Hidden and invisible characters
Plenty of valid Unicode characters render as nothing at all. Zero-width characters — the zero-width space (U+200B), zero-width joiner and non-joiner (U+200D, U+200C), and the word joiner (U+2060) — take up no visible room. The byte-order mark (U+FEFF) sneaks in at the start of files. Bidirectional controls (U+202A–U+202E and the isolates U+2066–U+2069) can reorder how text displays without changing its stored order, the basis of the "Trojan Source" attack. Variation selectors (U+FE00–U+FE0F) and Unicode tag characters (U+E0000–U+E007F) are invisible too and can be packed between visible letters to hide data. This tool surfaces all of them, so text that looks ordinary but carries hidden payload is exposed at a glance.

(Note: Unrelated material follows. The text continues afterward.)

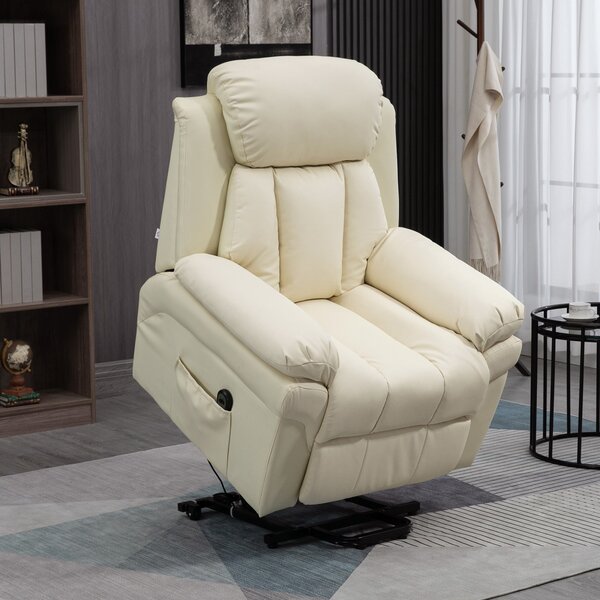 Poltrona Alzapersona Elettrica 1 Motore 96x93x105 cm Reclinabile in Similpelle Crema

AI watermarks and tracked text
Invisible characters are increasingly used to watermark or fingerprint text — including some AI-generated output and "leaked document" traps — by inserting zero-width or tag characters in a pattern between the visible words. Because these marks are nothing more than hidden codepoints, an inspector that lists every character makes them visible, and stripping them returns clean text. Paste a suspect message or a copied AI response, check the flagged rows, and copy the cleaned version to remove the hidden marks. No detector can promise to catch every conceivable scheme, but the common watermarking characters are exactly the invisible codepoints this tool flags.
Confusable homoglyphs
Some characters are visible but deceptive: the Cyrillic а (U+0430) and Latin a (U+0061) look identical, as do Greek and full-width lookalikes. These confusables are how spoofed domain names and impersonating usernames are built, and how code can hide an identifier that is not what it appears. The inspector flags common homoglyphs and shows the ASCII letter they imitate, so a string that reads as plain English but is secretly mixed-script gives itself away.
Why a local Unicode inspector matters
The text you check for hidden characters is often exactly the text you would not want to upload — a private message you suspect is tracked, an internal document, a prompt, or source code. Sending it to an online analyzer to "find the invisible characters" hands the whole thing to a third-party server. The point of the check is privacy, so the check itself should be private.
This tool is plain JavaScript that runs inside your own browser tab. Codepoint iteration, the invisible-character scan and the homoglyph check all happen in memory on your device, with no network request, no account and no logging. Close the tab and the text is gone. That is the gitime.dev approach across the board: deterministic, dependency-light developer tools that keep your data where it belongs.
- Per-character codepoint, UTF-8/16 bytes and escapes.
- Detects zero-width, bidi, tag and variation-selector characters.
- Flags confusable homoglyphs and unusual spaces.
- Copy cleaned text with invisible marks removed.
- Everything stays on your device — no upload, no logging.
Frequently asked questions
- Is my text uploaded anywhere?
- No. Analysis runs in your browser. Pasted text never leaves your device.
- Can it find hidden or invisible characters?
- Yes — zero-width characters, the BOM, bidi controls, variation selectors, tag characters and unusual spaces, with a one-click cleaned copy.
- Does it detect AI watermark characters?
- It flags the invisible codepoints commonly used as watermarks; listing and stripping them reveals and removes them, though no tool catches every scheme.
- What does the per-character table show?
- Glyph, codepoint (U+ and decimal), name/category, UTF-8 bytes, UTF-16 units and JavaScript/HTML escapes, with flagged rows for invisible or confusable characters.